The result should be the listing below restated word for word, with images left out.

START Supplied material

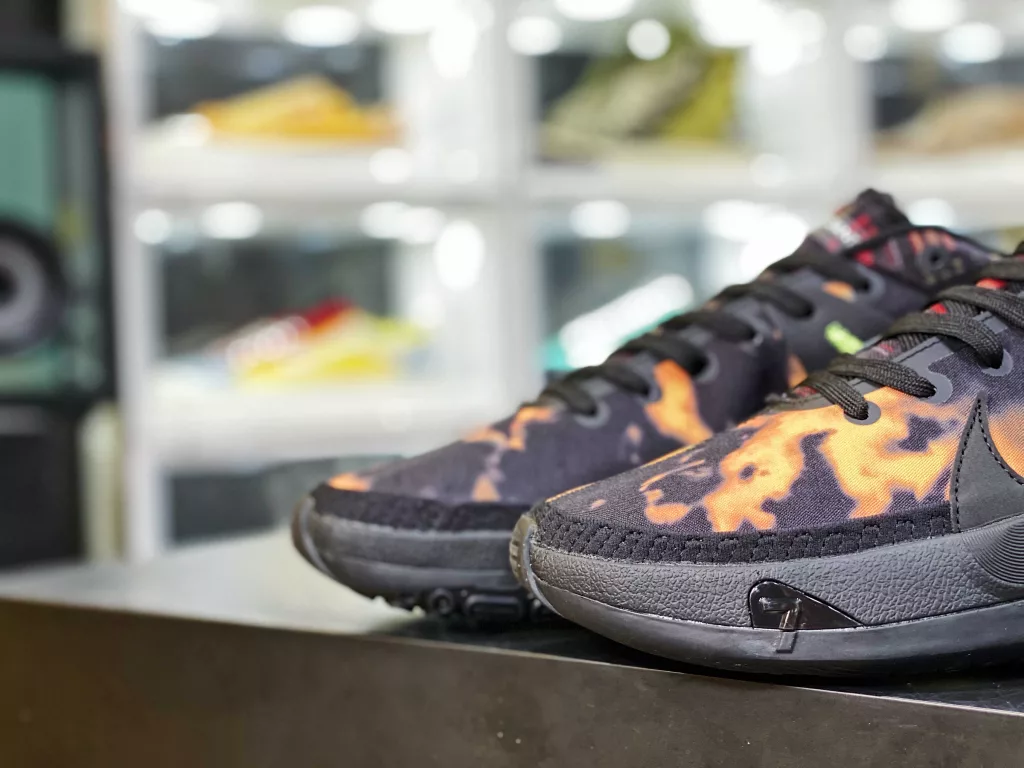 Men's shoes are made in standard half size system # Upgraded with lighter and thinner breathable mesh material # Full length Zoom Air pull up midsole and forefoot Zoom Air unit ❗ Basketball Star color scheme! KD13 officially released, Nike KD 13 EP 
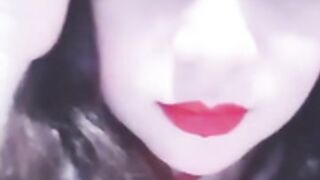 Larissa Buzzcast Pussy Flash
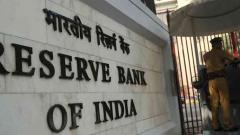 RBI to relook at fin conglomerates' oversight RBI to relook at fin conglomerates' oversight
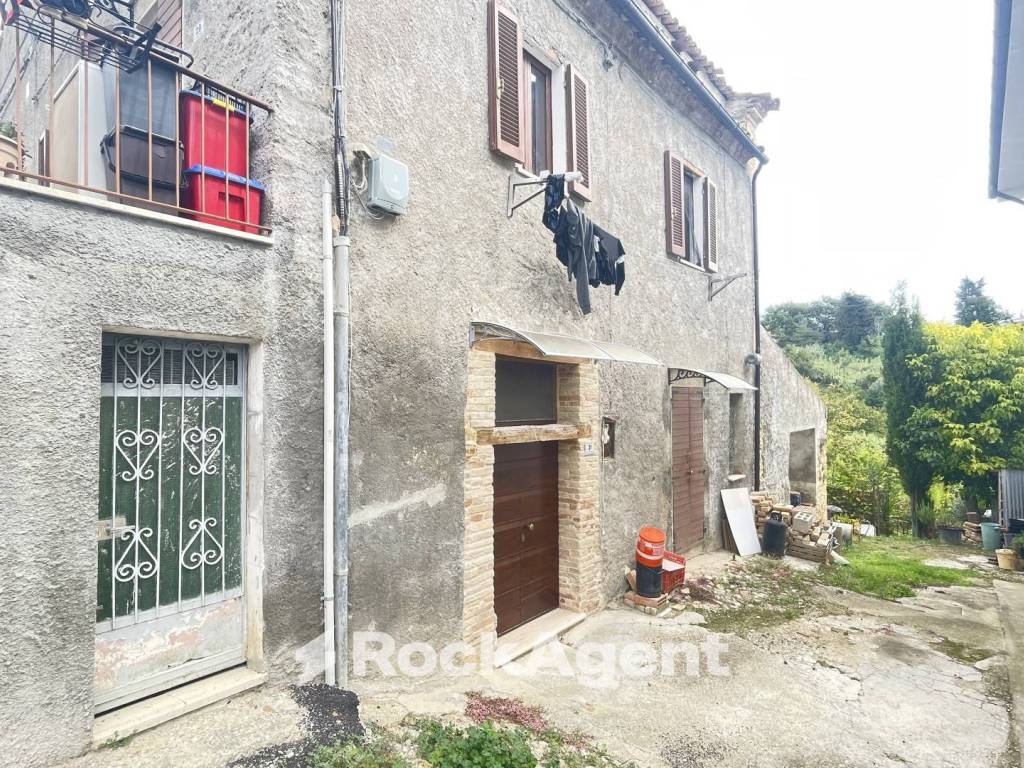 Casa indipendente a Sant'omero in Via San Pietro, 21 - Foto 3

END Supplied material

Finished exercise
 Men's shoes are made in standard half size system # Upgraded with lighter and thinner breathable mesh material # Full length Zoom Air pull up midsole and forefoot Zoom Air unit ❗ Basketball Star color scheme! KD13 officially released, Nike KD 13 EP 
 Larissa Buzzcast Pussy Flash
 RBI to relook at fin conglomerates' oversight RBI to relook at fin conglomerates' oversight
 Casa indipendente a Sant'omero in Via San Pietro, 21 - Foto 3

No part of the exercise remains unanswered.